┌──

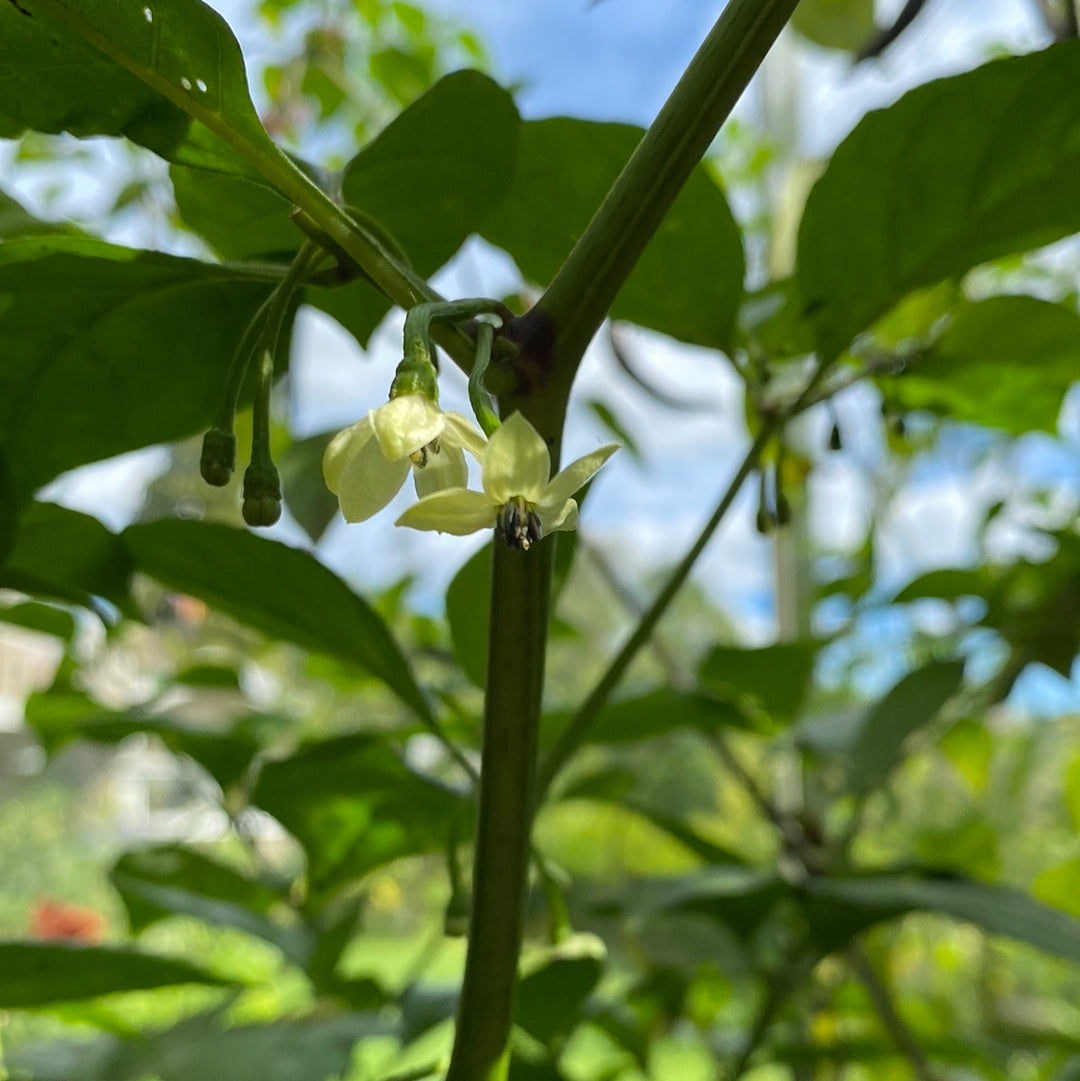 Trinidad moruga scorpion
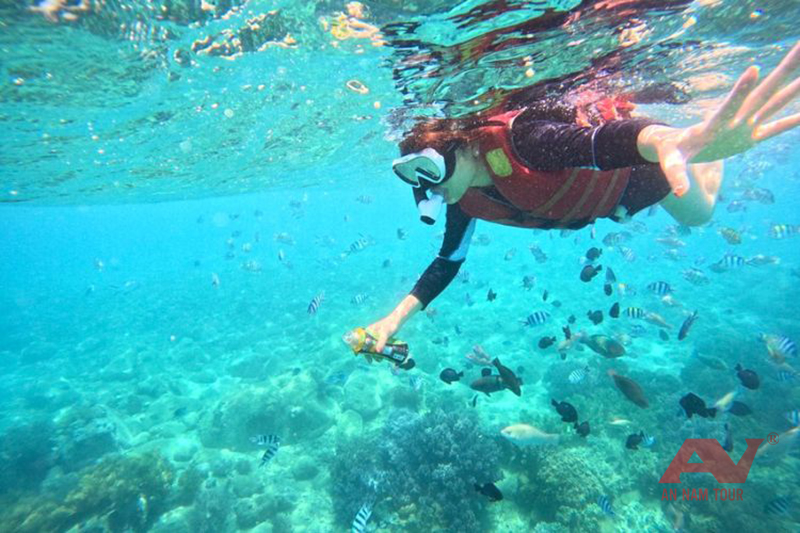 Snorkeling với thiết bị chuyên nghiệp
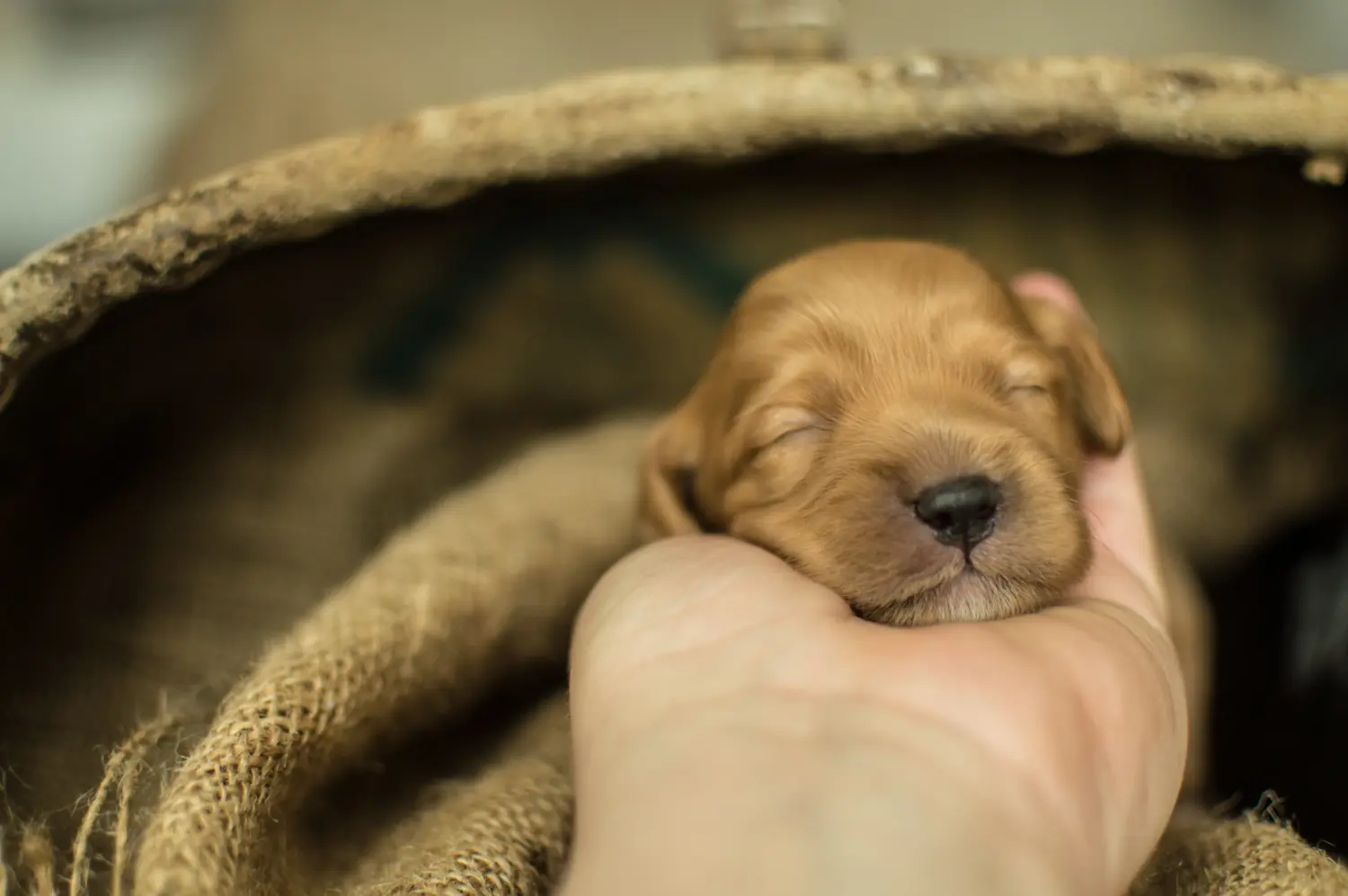 Een Cavoodle puppy kopen betekent verantwoordelijkheid nemen! Cavoodle puppy kopen.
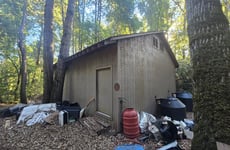 32320587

└──

• [To do]: Line by line and exactly, write out the material above. Skip the pictures.

• [Solved exercise]:
 Trinidad moruga scorpion
 Snorkeling với thiết bị chuyên nghiệp
 Een Cavoodle puppy kopen betekent verantwoordelijkheid nemen! Cavoodle puppy kopen.
 32320587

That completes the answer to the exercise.